Sunday, December 30, 2007

FOR PAUL REUBENS

The unhinged peculiarity of Pee-Wee's Big Adventure was staggering(!) upon recent viewing. How long had it been? Five years? Ten years since I'd seen it last? Unlike certain movies associated with childhood that would yield disastrous viewings (I'm looking at you Garbage Pail Kids), Big Adventure held its own. The breadth of the Adventure is wild and I'd most certainly argue its merits to any disbeliever. Although it doesn't exactly strike me as a kids movie, I should thank my folks for letting me watch it in the 1980s. Shortly after becoming reacquainted with the film, BTH purchased the entire Pee-Wee's Playhouse series on DVD, which I should perhaps thank God for.
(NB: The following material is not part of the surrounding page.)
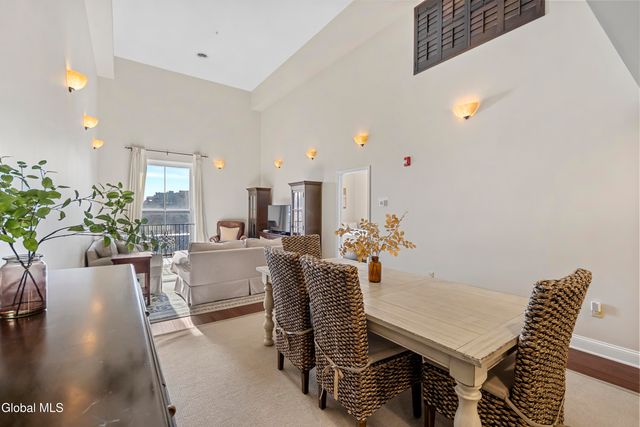 5 Spring Street APT 404, Saratoga Springs, NY 12866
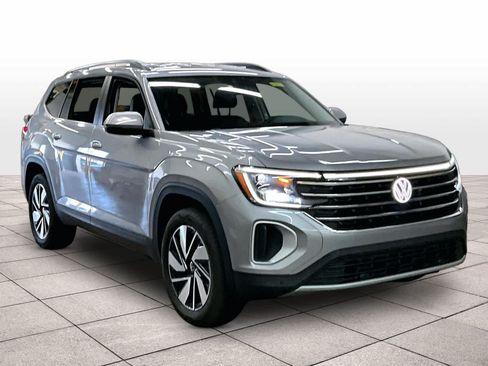 Used 2024 Volkswagen Atlas SE AWD/4WD image 2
Worth at least its weight in gold if distributed across a dozen or so VHS tapes, Pee-Wee & Ms. Yvonne's Puppet Dance, along with Gary Panter's brilliant set design, was the cinch.

Admittedly, I'm pretty far removed from parenting and, well, children, but if the continuing homogenization of culture is any indicator, I would assume there's not a show quite like Pee-Wee's on television now. What I do come into contact with -- mostly clothing commercials and neighborhood kids -- leaves me with a feeling of deep disappointment and detachment from my own childhood. Please, parents: stop buying Starter jackets for your nerdy kids. Don't force your children to become tiny adults with credit cards and cell phones. If I have kids, I hope to teach them focus and discipline, but I want their imaginations to run wild. They should know, deeply, that anything is possible and anyone who disagrees is very sadly mistaken.

2008 will be the year I begin subscribing to Esquire. My last entry was to be about drawing a line from my ideals as a teenager to the person I am now. It proved difficult and while I may return to that idea at some point, it's in the distance. My late teens and early 20s were characterized by a loosening of persona and the self. When I started to reel myself back in, I was very much the same person I've always been (the one who got confused in the "looseness") and someone a little different. In a very small way, subscribing to Esquire represents the latter. [Maybe using the phrase "a magazine like Esquire" is a bad way of saying that I was ignorant in youth as to the difference between Maxim and Playboy and Esquire. For the record, Maxim is really dumb plus half-naked women, Playboy is less dumb and has a kind of "cursory intelligence" -- that is, it feigns an air of sophistication -- plus naked women, and Esquire is intelligent plus mostly clothed women.] Why subscribing to a magazine means anything, I don't know. I suppose it's because I based a lot of my personality on my friends in certain ways and I can't picture any of my longtime friends reading Esquire. But then, this is becoming a continuation of something I started on a few posts back.